The thing is, this album is raw. Swift writes about heartbreak, shattered dreams, and mistakes. She also sings about the ways the music industry hurts those in it. So far, one of my favorite songs has been, “I Can Do It With a Broken Heart.” The song tells the story of Swift’s ability to compartmentalize her emotions, pushing through the real pain she’s going through to be the persona of “Taylor Swift—Pop Star” the people want to see. The song starts with Swift singing in slow, breathy tones about how she wants people to perceive her “having the time of her life/There in her glittering prime,” but she admits that the persona is a lie. Then, with a quick “one, two, three” the chorus intrudes on Swift, demanding the persona come out to sing. Somehow both peppy and melancholy, you can hear her singing the lyrics with a practiced smile, “Breaking down, I hit the floor/All the pieces of me shattered as the crowd was chanting, ‘More’/I was grinning like I’m winning, I was hitting my marks/’Cause I can do it with a broken heart.”

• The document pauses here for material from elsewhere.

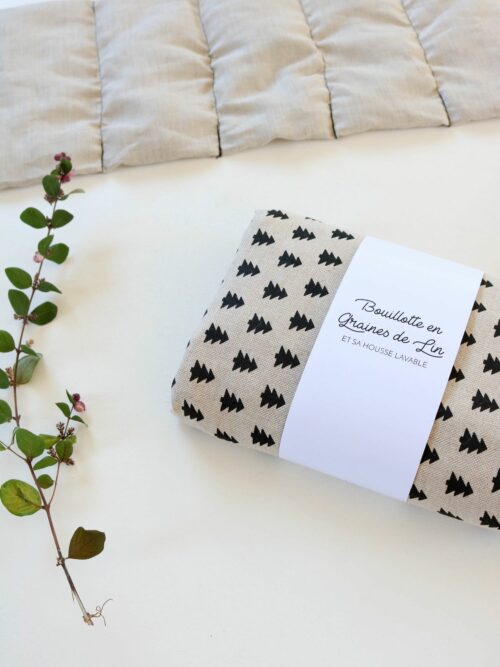 bouillotte en graines de lin bouillotte sèche (33) Bouillotte en graines de lin bouillotte sèche sapins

Maybe it’s just me, but I feel like there’s a lot of that happening these days—folks grinning like they’re winning, hitting their marks, all to conceal broken hearts. And while I understand that part of life is learning how to function even when going through difficult times, it seems to me that church ought to be a place where folks can find rest. Church ought to be a place where we can genuinely say to people, “There are no marks to hit here. If you want to celebrate, we’ll celebrate; but if that’s not where you are right now, that’s fine too. There’s still a place for you here.” At its best, the church can be a place of healing where people are told that they are beloved by God and by God’s people, no matter what. But there’s one final layer to the song I want to briefly touch on.

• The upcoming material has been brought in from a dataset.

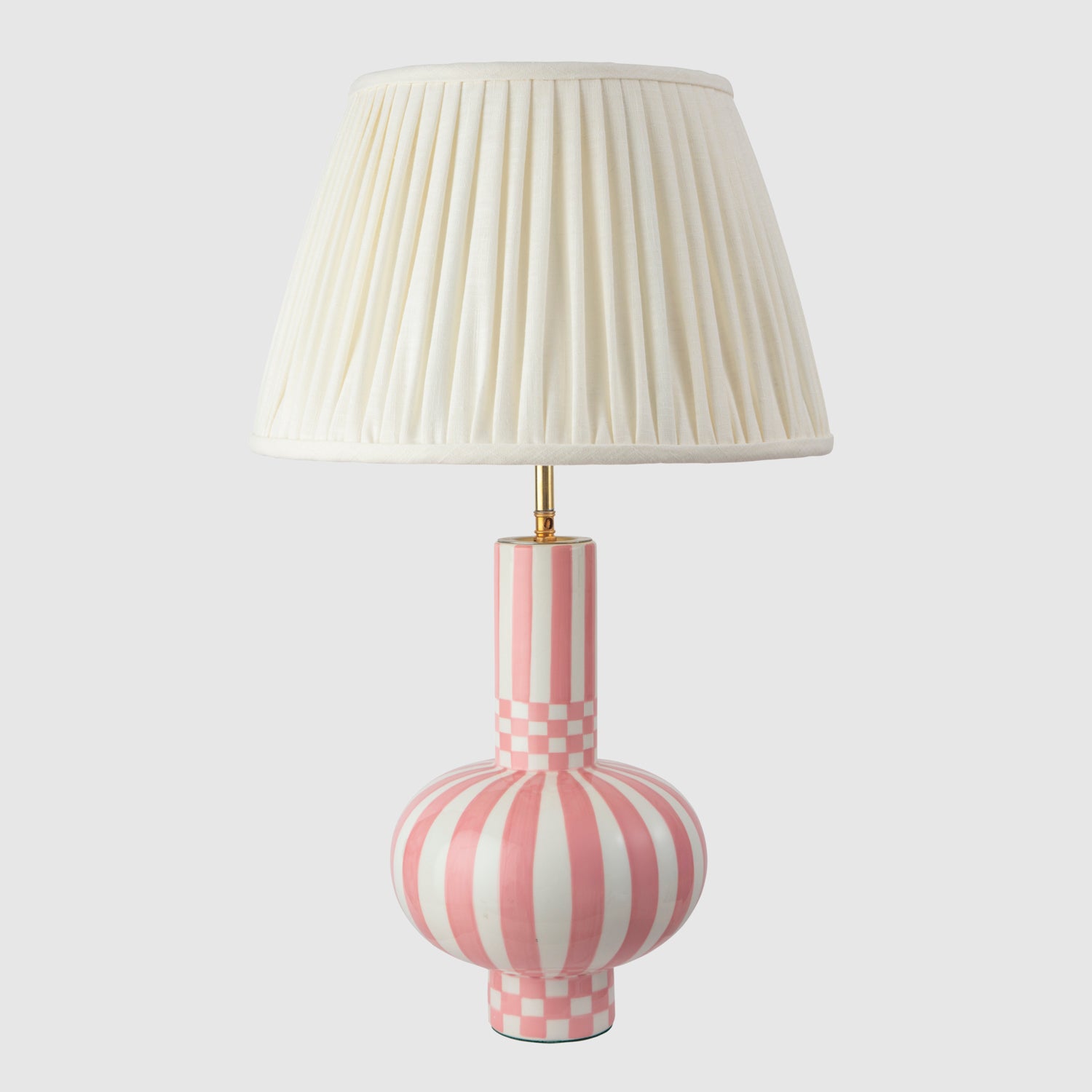 Ceramic bottle vase table lamp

At the very end, the chorus is done. Swift is coming off stage and she speaks to the listener, but her tone is uneven. She sounds like she’s losing it. The practiced smile is cracking. She says, “You know you’re good, I’m good/’Cause I’m miserable/And no one even knows!” But then her voice snaps into an exhausted, but threatening tone as she says, “Try to come for my job.” She recognizes that this back and forth, between her real pain and the persona she’s made for herself, is hurting her. But she can’t let it go. It’s how she’s learned to deal with the world. In her mind, if she loses the persona (even though it’s killing her), she loses every-thing. So just try to take this from her. It’s a real feeling. It is a raw depiction of what can happen when reality and expectations clash.

At its best, the church can be a place that says to people struggling with these kinds of internal struggles, “You don’t need to put on a persona here. You can be you. All that we ask is that you bring your authentic self.” God has made each of us to be wonderfully, uniquely ourselves. The only expectation God places on us is that we love one another. No personas. No crowds cheering on breakdowns. Just a community of believers.